━━━━━ INFORMATION

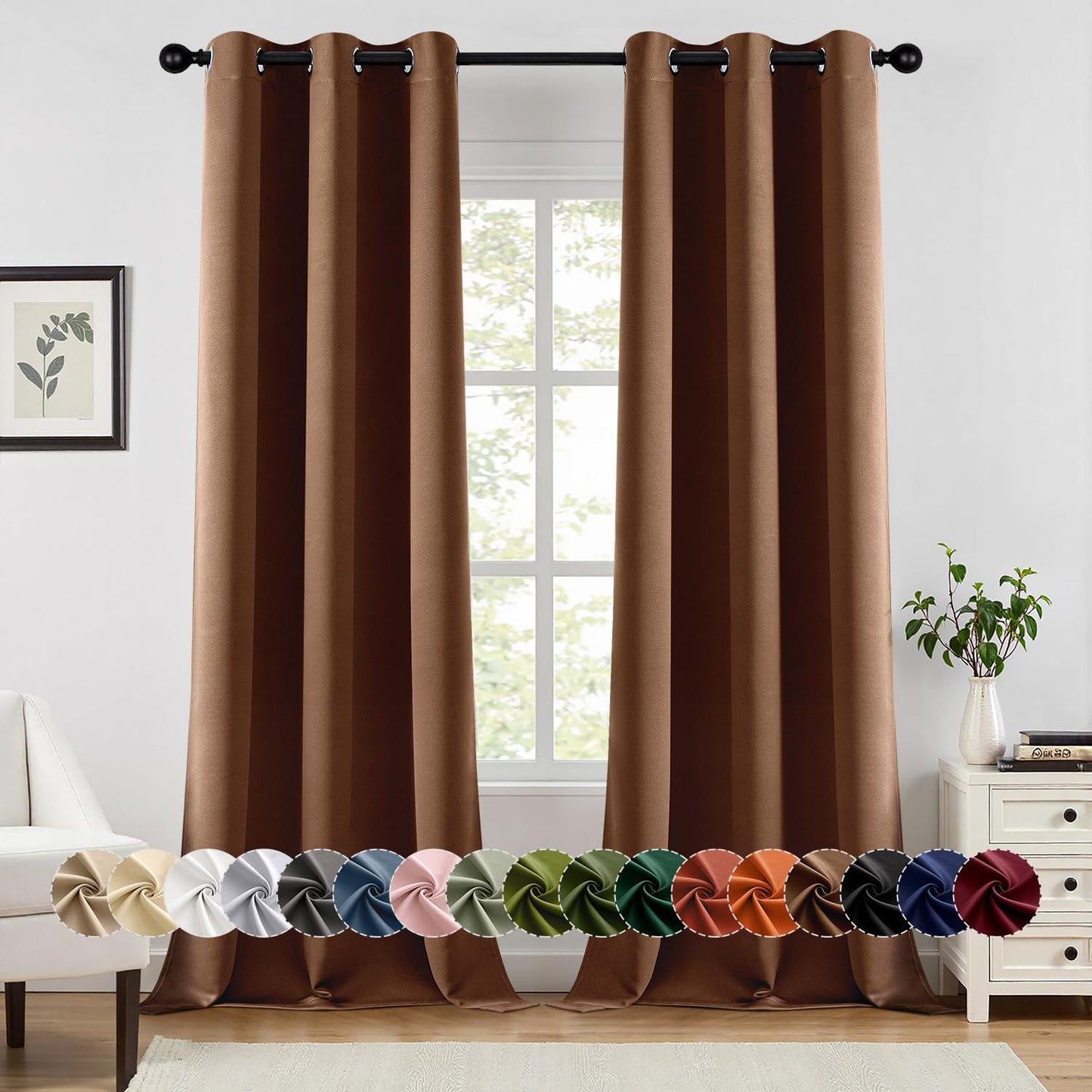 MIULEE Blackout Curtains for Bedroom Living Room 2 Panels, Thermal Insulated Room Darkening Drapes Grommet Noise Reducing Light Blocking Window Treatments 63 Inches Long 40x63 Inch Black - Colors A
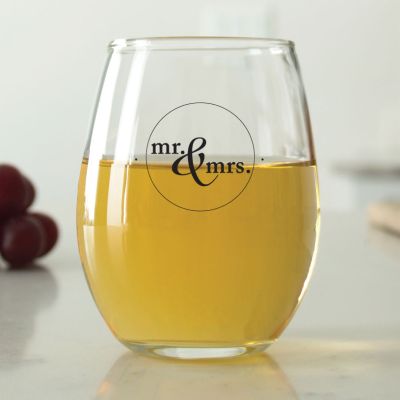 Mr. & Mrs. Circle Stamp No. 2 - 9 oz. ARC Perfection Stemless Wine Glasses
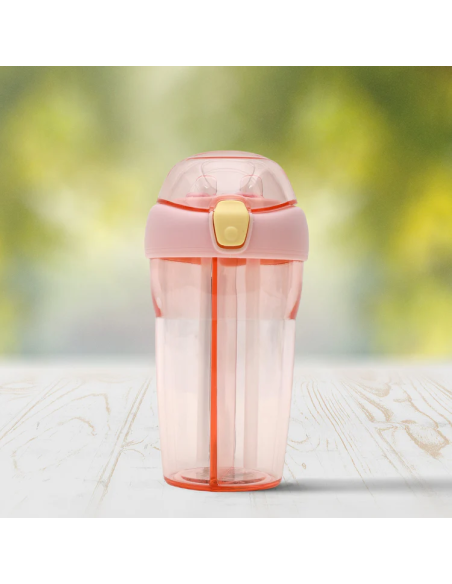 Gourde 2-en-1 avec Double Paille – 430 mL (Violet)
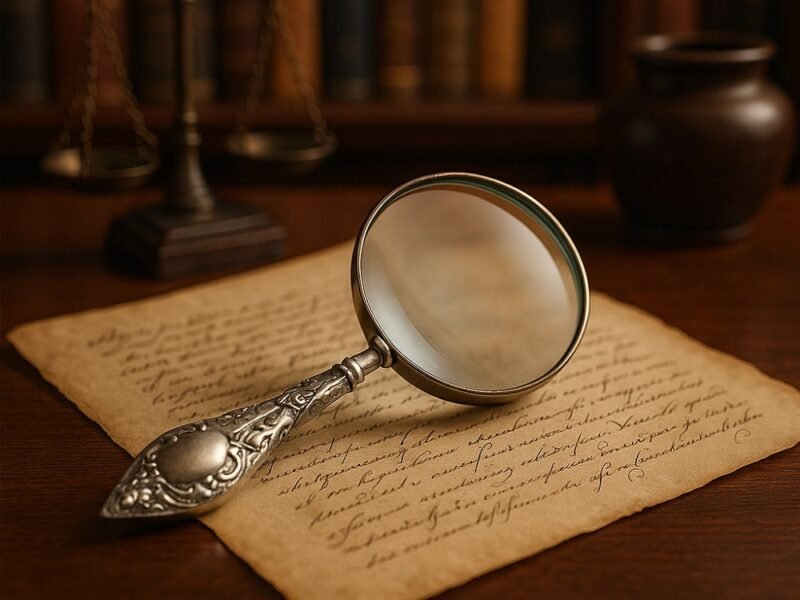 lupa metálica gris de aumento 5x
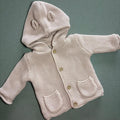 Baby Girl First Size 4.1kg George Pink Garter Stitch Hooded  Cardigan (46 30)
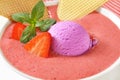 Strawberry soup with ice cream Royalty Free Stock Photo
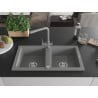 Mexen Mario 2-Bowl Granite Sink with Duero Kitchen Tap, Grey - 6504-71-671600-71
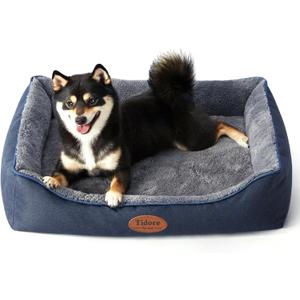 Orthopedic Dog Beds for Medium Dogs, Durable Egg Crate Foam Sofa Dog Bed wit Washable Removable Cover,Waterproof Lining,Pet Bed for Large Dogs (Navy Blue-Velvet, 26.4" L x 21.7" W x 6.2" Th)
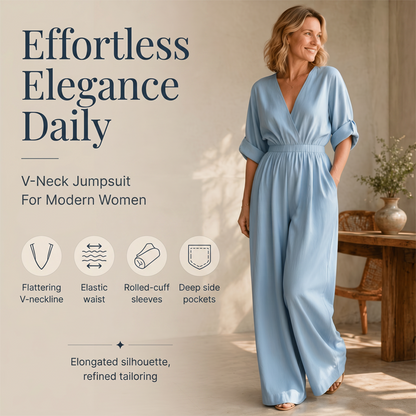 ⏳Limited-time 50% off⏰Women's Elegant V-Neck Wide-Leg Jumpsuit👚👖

━━━━━━━━━━

__PROMPT__
Write out again, exactly, each line from the one containing "Mexen Mario 2-Bowl" through the last line of the entries, and omit every picture.

__ANSWER TO THIS PROBLEM__
 Mexen Mario 2-Bowl Granite Sink with Duero Kitchen Tap, Grey - 6504-71-671600-71
 Orthopedic Dog Beds for Medium Dogs, Durable Egg Crate Foam Sofa Dog Bed wit Washable Removable Cover,Waterproof Lining,Pet Bed for Large Dogs (Navy Blue-Velvet, 26.4" L x 21.7" W x 6.2" Th)
 ⏳Limited-time 50% off⏰Women's Elegant V-Neck Wide-Leg Jumpsuit👚👖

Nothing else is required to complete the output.